Versión auténtica de lo que ocurrió a la Gran Armada

Tanto por parte británica como española, la Historia ha presentado el fracaso de la invasión de Inglaterra por parte de España como una gran derrota para ésta y una tremenda victoria para aquélla, pero no fue del todo así. De parte española, se atribuyó el desastre al empecinamiento de Felipe II  y a su obsesión por hacer retornar Inglaterra a la fe católica, y a la incompetencia del Duque de Medina Sidonia.  En un reciente episodio de la serie televisiva “El Ministerio del Tiempo” dedicado a la Armada, se  afirmaba taxativamente que los ingleses había derrotado a la Armada Invencible. El fracasoo de la flota más poderosa a finales del siglo XVI fue festejada en Inglaterra como uno de sus mayores éxitos y un momento culminante en la Historia de la nación, que consagró la supremacía de la  reina Isabel I en Europa.
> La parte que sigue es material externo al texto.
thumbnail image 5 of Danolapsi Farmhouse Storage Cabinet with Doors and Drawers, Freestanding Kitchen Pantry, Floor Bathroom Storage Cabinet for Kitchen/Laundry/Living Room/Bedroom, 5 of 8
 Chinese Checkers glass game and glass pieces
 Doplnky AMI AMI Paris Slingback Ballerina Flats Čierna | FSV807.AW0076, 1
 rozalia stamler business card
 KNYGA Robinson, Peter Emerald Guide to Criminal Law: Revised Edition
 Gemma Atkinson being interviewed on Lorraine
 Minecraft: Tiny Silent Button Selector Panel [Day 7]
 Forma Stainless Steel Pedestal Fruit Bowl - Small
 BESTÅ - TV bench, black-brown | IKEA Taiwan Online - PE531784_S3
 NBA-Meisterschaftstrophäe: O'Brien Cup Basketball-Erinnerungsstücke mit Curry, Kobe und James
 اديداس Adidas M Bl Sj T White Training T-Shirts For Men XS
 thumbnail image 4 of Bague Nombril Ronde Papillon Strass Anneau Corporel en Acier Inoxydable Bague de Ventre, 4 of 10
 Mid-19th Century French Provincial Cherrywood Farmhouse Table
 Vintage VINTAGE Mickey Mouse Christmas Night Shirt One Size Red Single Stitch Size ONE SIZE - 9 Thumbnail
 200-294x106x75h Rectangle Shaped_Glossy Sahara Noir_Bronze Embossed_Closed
Se exaltó hasta el paroxismo a los almirantes ingleses Lord Charles Howard, John Hawkin, Martin Frobisher y, sobre todo, el corsario Francis Drake, del que se contaba que, cuando la flota española comenzaba el sitio de Plymouth –cosa que nunca se produjo- estaba jugando una partida de bolos que se negó  interrumpir y exclamó:”Tenemos tiempo de acabar la partida y luego derrotaremos a los españoles”. Una investigación seria de los hechos propiciada por el centenario puso de manifiesto la falacia de una Historia manipulada. España perdió una buena parte de los buques que componían la Armada, pero no por los ataques de la flota inglesa –que solamente hundió un navío español en combate- sino como consecuencia de una desfavorabilísimas condiciones meteorológicas y del fallo de uno de los puntos clave del plan de Felipe II, al no conseguir Alejandro Farnesio, Duque de Parma, apoderarse en Flandes de un puerto de aguas profundas en el que pudiera recalar a salvo la Armada para recoger a las tropas españolas que deberían invadir Inglaterra. Como destacó la propaganda inglesa, Dios estuvo de parte de Inglaterra y los “vientos protestantes” derrotaron a la flota papista. Ello  quedó reflejado en las palabras atribuidas al Rey prudente:”No he mandado mis buques a luchar contra las tempestades” o “¿Dónde estaba Dios cuándo se hundió mi flota?”. Lo que realmente ocurrió ha sido reconocido en un reciente documental de la BBC sobre “La Historia desconocida de la Gran Armada Española”, producida por Dan Snow con el asesoramiento del profesor Geoffrey Parker, y  cuyos episodios fueron transmitidos en la TV española a partir de las 12.30 de la madrugada.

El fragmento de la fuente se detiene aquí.